2076. Périodiquement, chacun reçoit une convocation. Un chiffre en sort, calculé par un système que presque personne ne comprend et que tout le monde connaît : le Barème. Ce roman suit quelques-uns de ceux qui le traversent — ceux qui l’administrent, ceux qui le subissent, et ceux qui font les deux à la fois.

Le roman

Élie Adeyemi reçoit sa troisième convocation. Comme dix-neuf ans plus tôt pour sa mère, comme pour tant d’autres, il va devoir passer devant le Barème — le dispositif qui, depuis des décennies, évalue, classe et départage, dans un monde où les ressources et le temps qui reste ne suffisent plus pour tout le monde.

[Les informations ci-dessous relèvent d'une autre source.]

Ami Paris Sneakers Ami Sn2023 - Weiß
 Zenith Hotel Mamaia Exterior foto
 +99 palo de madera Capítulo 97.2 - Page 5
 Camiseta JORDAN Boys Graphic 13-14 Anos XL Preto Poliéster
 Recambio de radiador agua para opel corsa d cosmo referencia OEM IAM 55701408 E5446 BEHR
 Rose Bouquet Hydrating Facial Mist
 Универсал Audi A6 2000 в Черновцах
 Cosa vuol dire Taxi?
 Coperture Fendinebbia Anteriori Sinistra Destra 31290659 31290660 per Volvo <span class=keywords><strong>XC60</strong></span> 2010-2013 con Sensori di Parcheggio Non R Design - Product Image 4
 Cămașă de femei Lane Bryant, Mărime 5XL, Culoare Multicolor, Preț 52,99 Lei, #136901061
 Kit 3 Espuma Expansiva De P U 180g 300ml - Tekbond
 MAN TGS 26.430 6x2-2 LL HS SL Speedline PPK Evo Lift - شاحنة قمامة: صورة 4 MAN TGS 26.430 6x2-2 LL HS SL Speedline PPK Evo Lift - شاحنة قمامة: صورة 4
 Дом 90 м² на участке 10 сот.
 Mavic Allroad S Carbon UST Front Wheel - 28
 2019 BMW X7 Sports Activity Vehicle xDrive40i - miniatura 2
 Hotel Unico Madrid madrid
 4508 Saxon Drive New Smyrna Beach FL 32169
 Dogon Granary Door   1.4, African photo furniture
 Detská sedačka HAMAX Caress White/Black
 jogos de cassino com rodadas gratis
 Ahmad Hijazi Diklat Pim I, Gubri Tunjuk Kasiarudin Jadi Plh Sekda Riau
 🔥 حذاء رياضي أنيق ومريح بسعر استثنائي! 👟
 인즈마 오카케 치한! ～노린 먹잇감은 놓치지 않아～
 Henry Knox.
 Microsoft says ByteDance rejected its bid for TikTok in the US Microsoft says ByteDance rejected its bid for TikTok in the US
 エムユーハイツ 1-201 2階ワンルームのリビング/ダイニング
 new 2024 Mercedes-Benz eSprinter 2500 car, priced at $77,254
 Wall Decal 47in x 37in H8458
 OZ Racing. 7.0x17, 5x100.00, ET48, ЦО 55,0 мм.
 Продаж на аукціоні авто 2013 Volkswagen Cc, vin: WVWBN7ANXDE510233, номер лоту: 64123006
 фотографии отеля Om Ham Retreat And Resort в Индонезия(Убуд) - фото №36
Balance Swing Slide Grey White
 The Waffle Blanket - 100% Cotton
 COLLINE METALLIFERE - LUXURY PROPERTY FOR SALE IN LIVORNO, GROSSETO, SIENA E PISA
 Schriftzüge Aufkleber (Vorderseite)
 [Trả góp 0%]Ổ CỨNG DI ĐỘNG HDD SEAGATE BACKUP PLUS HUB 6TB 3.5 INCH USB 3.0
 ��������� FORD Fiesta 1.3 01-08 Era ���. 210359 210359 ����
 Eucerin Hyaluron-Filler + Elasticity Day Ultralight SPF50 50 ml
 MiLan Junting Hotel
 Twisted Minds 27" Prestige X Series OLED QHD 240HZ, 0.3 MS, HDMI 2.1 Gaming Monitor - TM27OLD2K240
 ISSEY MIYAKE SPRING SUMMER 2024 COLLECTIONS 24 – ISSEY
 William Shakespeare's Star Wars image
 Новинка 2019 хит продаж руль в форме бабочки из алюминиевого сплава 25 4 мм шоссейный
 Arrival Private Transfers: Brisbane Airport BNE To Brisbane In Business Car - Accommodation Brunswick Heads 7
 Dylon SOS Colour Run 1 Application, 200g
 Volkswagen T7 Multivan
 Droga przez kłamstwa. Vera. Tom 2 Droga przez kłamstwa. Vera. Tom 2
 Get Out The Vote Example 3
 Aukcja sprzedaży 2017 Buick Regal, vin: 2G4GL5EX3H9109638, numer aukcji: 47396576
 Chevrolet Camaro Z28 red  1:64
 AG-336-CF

Autour de lui, des évaluateurs qui croient à la justesse de leur grille, des familles qui attendent une lettre, des fonctionnaires qui ne savent plus très bien ce qu’ils servent. 42 chapitres, plusieurs voix, un même système — et la question qui traverse tout le livre : non pas s’il faut un barème, mais s’il faut celui-là.

La démarche

Le Barème a été écrit à deux : George Avisol et Claude, l’intelligence artificielle d’Anthropic. Le processus n’a rien d’automatique — l’univers, les personnages, les enjeux narratifs et chaque décision d’écriture viennent de l’auteur. L’IA intervient comme partenaire d’écriture : proposer des formulations, tenir la cohérence sur plusieurs centaines de pages, retravailler des scènes chapitre après chapitre, en dialogue constant et sous relecture humaine.

La version audio suit la même logique : la narration est lue avec la voix de l’auteur, et les outils d’IA interviennent pour la synthèse et le montage de certains passages. Ce site documente aussi cette démarche, sans en faire un argument — seulement un fait, présenté tel quel.